DeLillo article & Pynchon mention

Doug Millison millison at online-journalist.com
Tue Oct 23 10:02:42 CDT 2001


http://www.salon.com/people/bc/2001/10/23/delillo/index.html

"[...] His literary peer Thomas Pynchon has applauded DeLillo for "a voice
as eloquent and morally focused as any in American writing." In light of
the events of Sept. 11, Don DeLillo's America may assist many readers in
making sense of a newly uncertain world. [...]  In interview he expresses
little concern for his posterity, and he zealously fights his cult fame:
public appearances are kept to a bare minimum, he will likely never appear
on TV or film and he speaks admiringly of the example set by his enigmatic
forbear, Thomas Pynchon. Nonetheless, he remains active today, having
released on the heels of 1997's "Underworld" both the play "Valparaiso" and
a slim novel, "The Body Artist."  DeLillo is ultimately exceptional for his
strident convictions, his unflagging defense of the promise of art in times
of conflict or malaise.
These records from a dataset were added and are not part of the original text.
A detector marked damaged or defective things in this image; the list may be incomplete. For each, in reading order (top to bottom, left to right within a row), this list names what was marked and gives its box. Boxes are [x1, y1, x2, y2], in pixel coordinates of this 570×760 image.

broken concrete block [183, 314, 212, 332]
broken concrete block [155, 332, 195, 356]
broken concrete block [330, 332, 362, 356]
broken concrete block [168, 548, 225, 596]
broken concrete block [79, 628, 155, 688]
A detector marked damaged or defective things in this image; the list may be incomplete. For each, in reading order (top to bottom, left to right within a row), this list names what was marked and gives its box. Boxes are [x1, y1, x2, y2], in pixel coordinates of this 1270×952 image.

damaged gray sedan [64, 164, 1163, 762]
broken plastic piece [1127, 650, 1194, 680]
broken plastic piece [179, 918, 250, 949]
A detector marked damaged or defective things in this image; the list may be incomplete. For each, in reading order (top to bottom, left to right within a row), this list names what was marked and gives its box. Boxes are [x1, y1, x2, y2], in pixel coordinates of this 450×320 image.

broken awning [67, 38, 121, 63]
In the face of all that cheapens human experience,
or renders it disempowering, there are availing things that still matter.
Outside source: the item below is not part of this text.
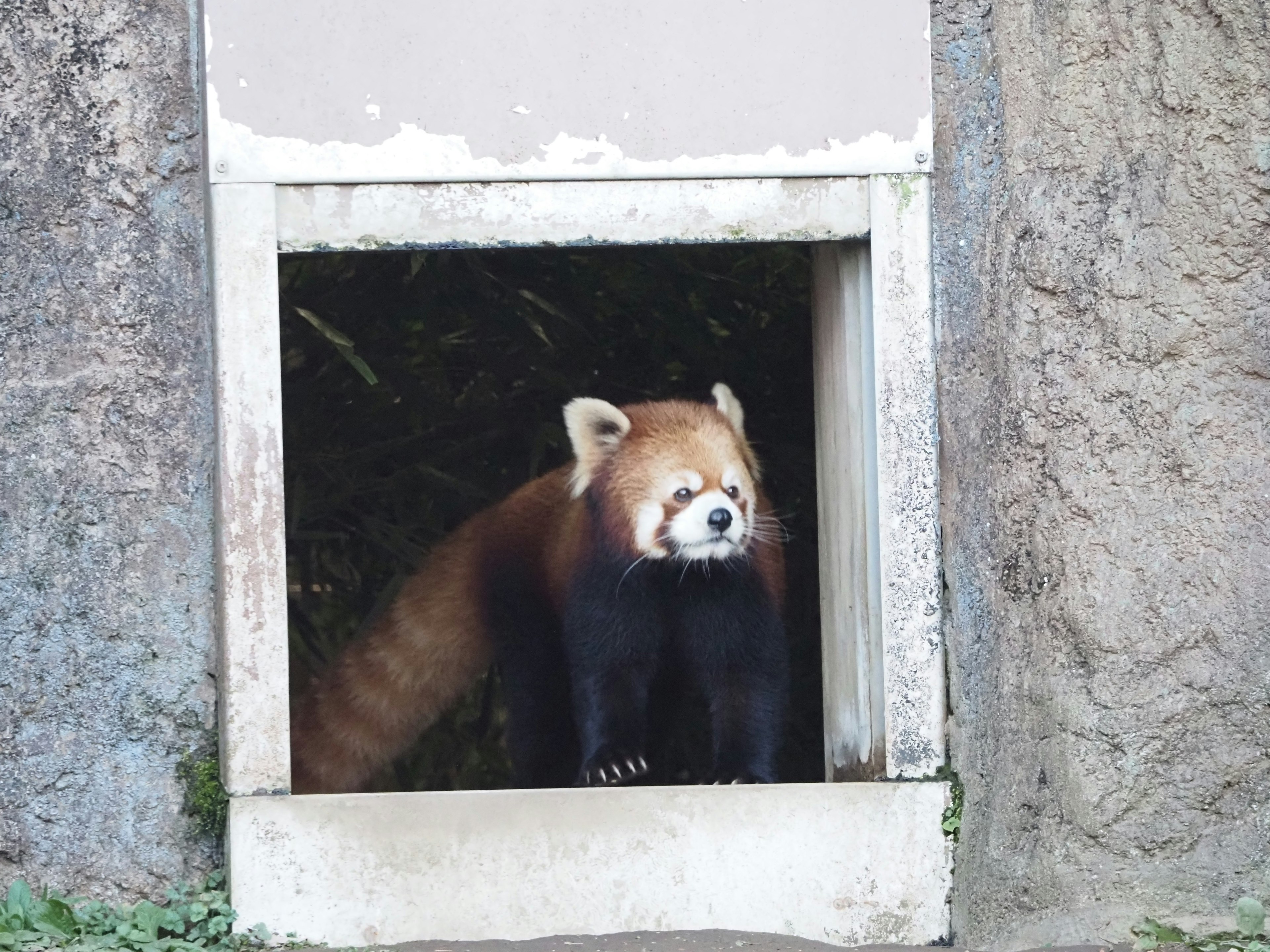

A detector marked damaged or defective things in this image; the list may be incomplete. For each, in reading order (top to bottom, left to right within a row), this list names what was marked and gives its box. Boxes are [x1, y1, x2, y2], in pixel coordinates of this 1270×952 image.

peeling white paint [233, 782, 955, 949]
As a character in "Underworld" ponders, "What's the point of waking up in
the morning if you don't try to match the enormousness of the known forces
in the world with something powerful in your own life?" Over time his
fiction has imbued Pynchon's distraught and fearful proclamation in
"Gravity's Rainbow," that "everything is connected" with an unforeseen
hopefulness in the connections of language itself.